To give your readers moments of analysis and reorientation, you seem to have borrowed the tactic Greene used in the garden. She drew from the zigzagging filigree of desert plants to create areas of scrutiny and contemplation. Is your book the literary companion to the garden’s architectural plan?

It may be that, yes. I imagine as Isabelle drew by hand the plans for the Valentine Garden, pieces of which are reproduced in the book, that she was thinking, I want the path to go this way, and oh, that would be fun, to have the horizontal branching of the espaliered white bauhinia playing against the horizontal line of the top of the white wall. I imagine her laboring to make the design sound and throwing in some animating “clues” like the parallel white layers, which she explained to me that only some people would recognize but everyone would feel. Likewise, I built a foundation of sense—pieces of landscape theory, descriptions of place, sections named as refuge or view—and then in other places worked language into a vortex of experience.
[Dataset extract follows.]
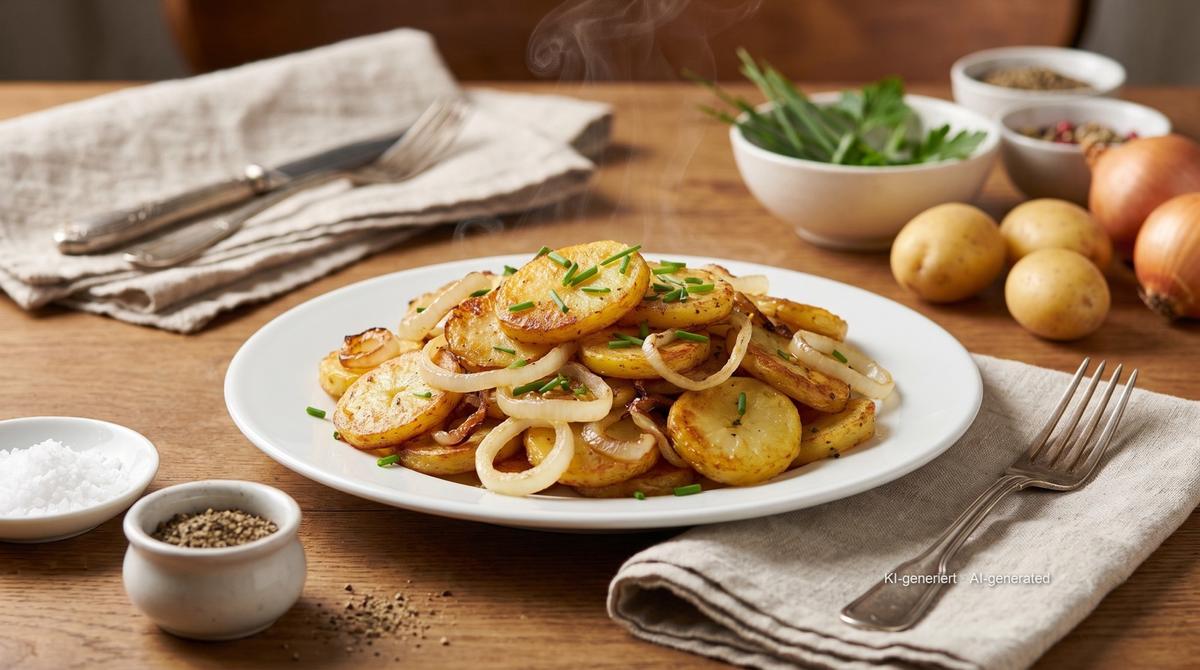 Pommes de terre sautées crues à l'airfryer – Recipe and image AI-created, editorially reviewed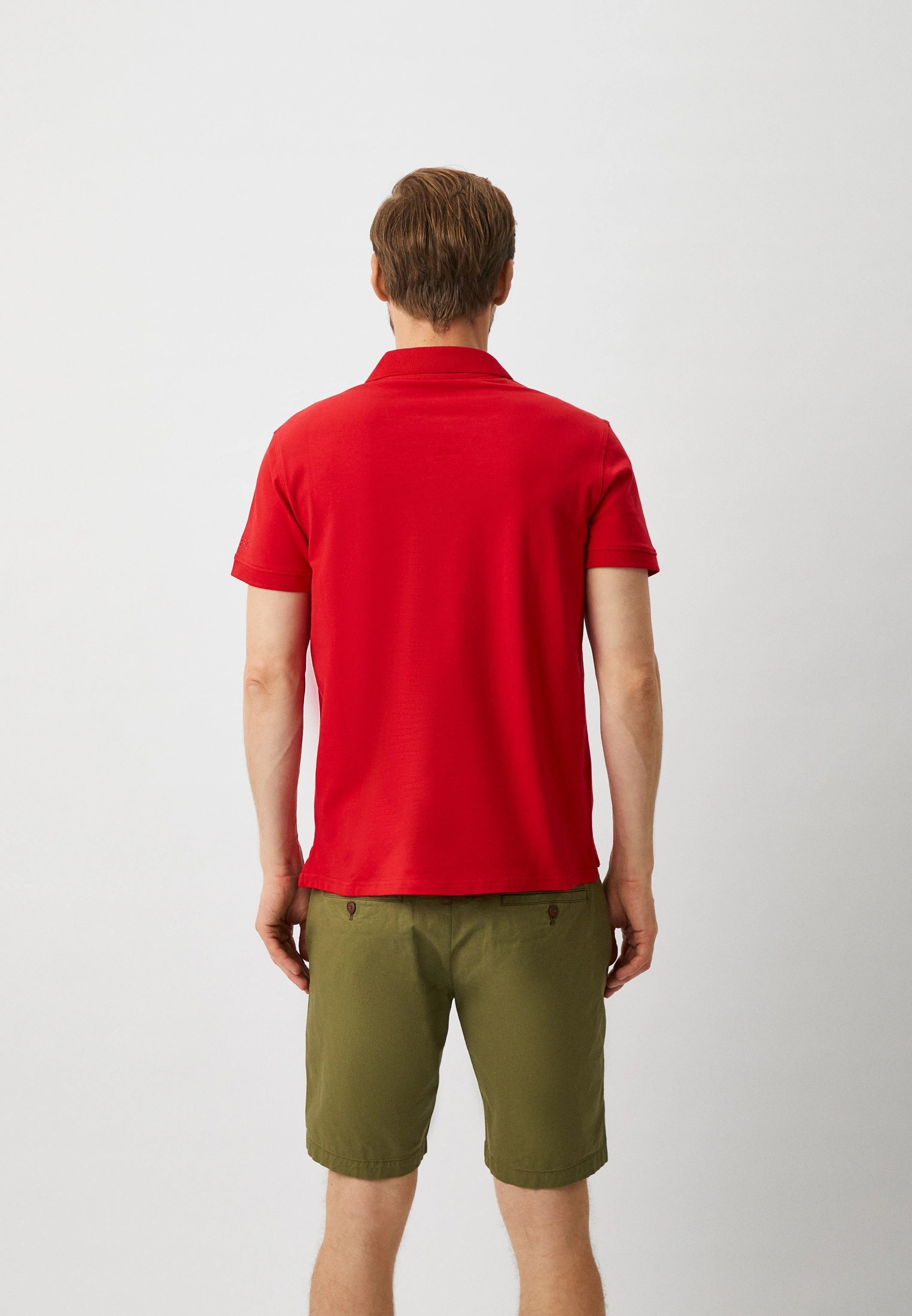 Men's Basic Polo - Kırmızı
There are many quotes from Isabelle in the book. I’m remembering one about space-making that seems to relate to this matter of distinct moments: “Low where I want you to feel welcome, and then high to cradle you.”

What is the message that you would like to give our readers that may inspire them to make a difference?

Philosopher Alva Noë believes human consciousness does not reside in our heads but is something we do—in the present in response to the world, which shows up for it. Plato believed that nothing deserved to be called beautiful unless it compelled the viewer to care for it or others. What does a landscape look like that encourages a visitor to step out into the world, alert and superalive, and ready to care more about something?